The Problem Statement
While CRPA design and its theoretical foundations are well documented in academic papers and technical articles, practical implementation or even experimental validation quickly reveals a significant barrier to entry. Specialized, expensive test equipment and dedicated components are typically required. The antenna array itself is often not the most challenging element; the majority of the complexity lies in the receiver electronics, whether implemented in the analog or digital domain.
The niche nature of the topic becomes apparent when relevant academic references begin appearing several pages deep in search results, often alongside major defense contractors such as Thales and Safran as primary equipment providers. This alone is usually enough to discourage experimentation outside of well-funded industrial or defense programs.
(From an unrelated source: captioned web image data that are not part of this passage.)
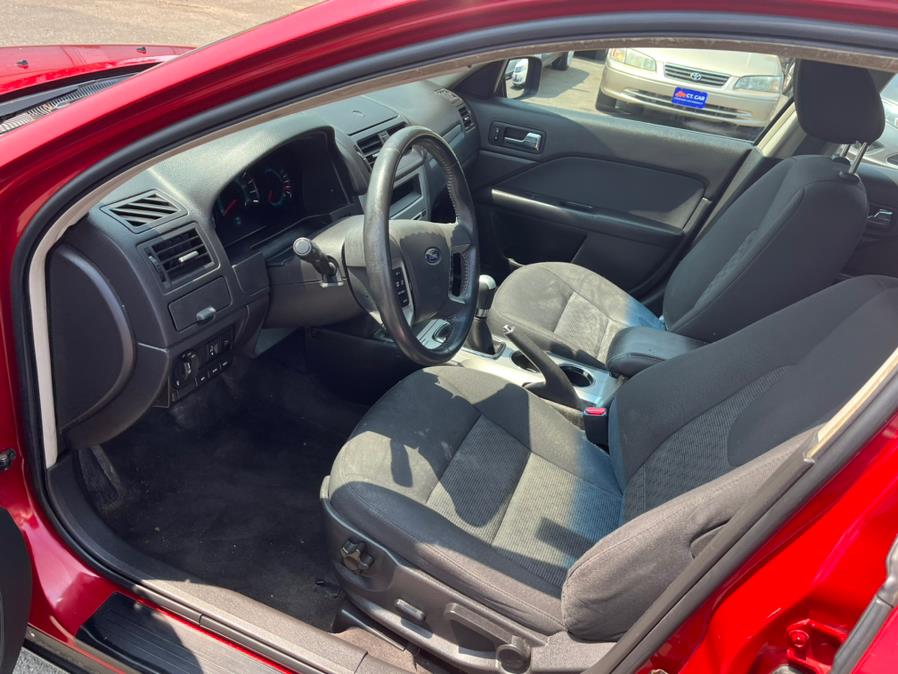 2010 Ford Fusion 4dr Sdn SE FWD, available for sale in East Windsor, Connecticut | CT Car Co LLC. East Windsor, Connecticut 2010 Ford Fusion 4dr Sdn SE FWD, available for sale in East Windsor, Connecticut | CT Car Co LLC. East Windsor, Connecticut
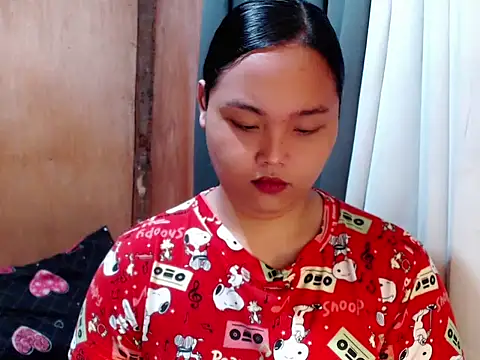  Lylia online show from February 20, 2026, 9:06 pm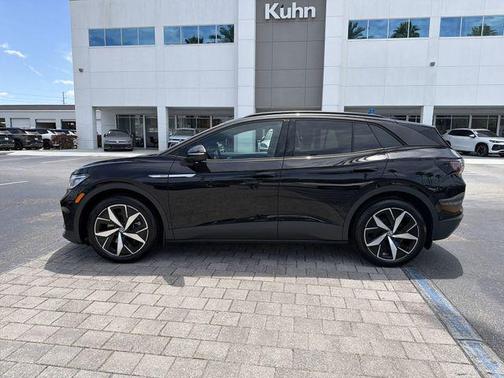 Deep Black Pearl 2023 Volkswagen ID.4 Pro S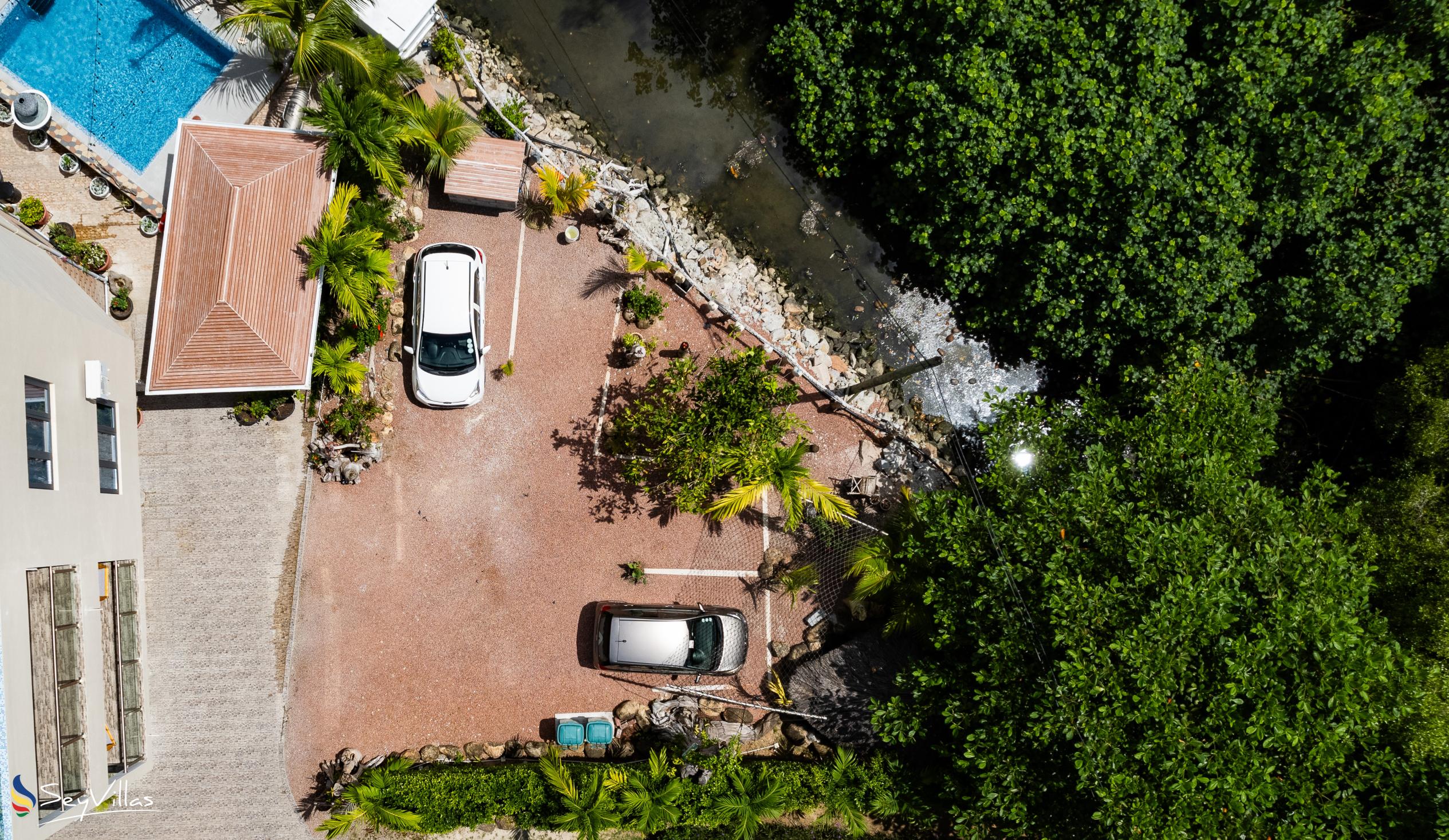 Foto 16: Bijoutier Apartments - Aussenbereich - Praslin (Seychellen)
Nevertheless, experience remains the most effective teacher, and that motivation forms the basis of this work.
Objective and Approach
The goal of this article is to demonstrate a proof of concept CRPA-like system with:
- Minimal design complexity
- Minimal cost
- No reliance on specialized hardware such as DSPs or FPGAs
The initial question driving this project was straightforward: Can a GNSS receiver itself be used as a front-end to monitor noise levels and infer the direction of interference, enabling the host to steer the antenna pattern away from a jamming source?
CRPA Fundamentals
At its core, a CRPA system is a specific application of antenna array beamforming. Unlike conventional beamforming (commonly used in telecommunications to maximize gain in a desired direction) GNSS-oriented CRPA focuses on steering nulls, meaning minimizing gain toward sources of interference.
A CRPA system typically employs multiple antenna elements to generate multiple nulls. In general, an array of N antenna elements can form up to N − 1 independent nulls. Steering the reception pattern requires adjusting the relative phase of the signals received by each antenna element, usually through controllable phase shifters within the receiver chain.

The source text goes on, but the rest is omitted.